**Your assignment:** For the data below, transcribe the part that opens with the line containing "Superdry T-shirt nera decorata in stile retr" and closes with the line containing "ChemSpider 2D Image", exactly and with no pictures.

**Task inputs:**

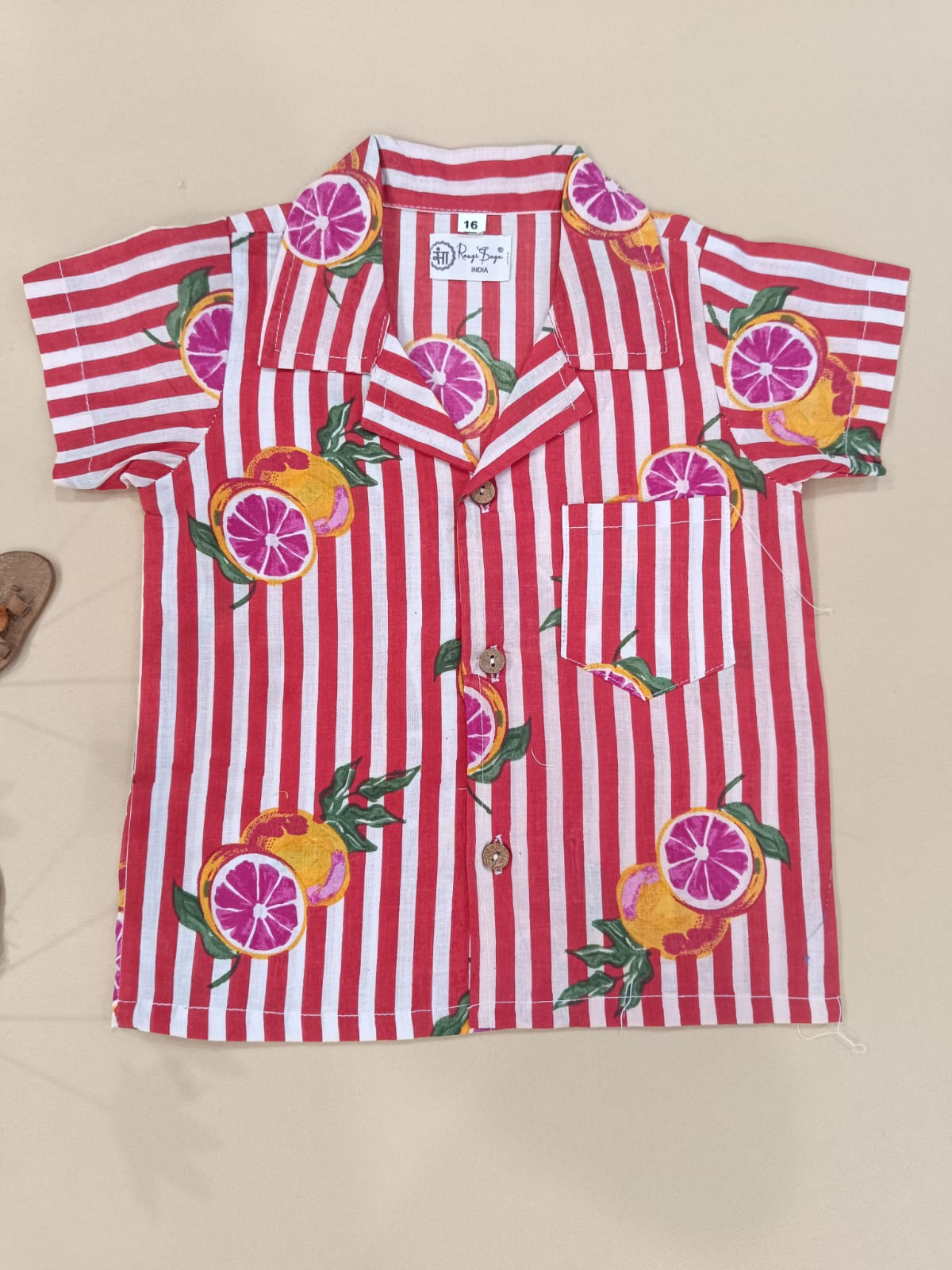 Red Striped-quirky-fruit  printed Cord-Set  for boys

---

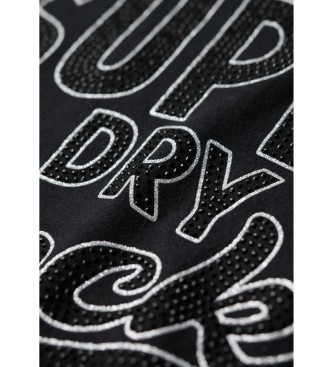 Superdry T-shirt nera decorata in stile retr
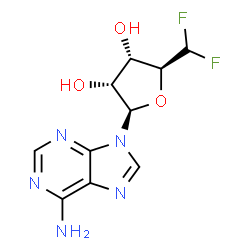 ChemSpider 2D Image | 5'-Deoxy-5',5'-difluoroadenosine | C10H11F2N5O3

**Result of the task:**
 Superdry T-shirt nera decorata in stile retr
 ChemSpider 2D Image | 5'-Deoxy-5',5'-difluoroadenosine | C10H11F2N5O3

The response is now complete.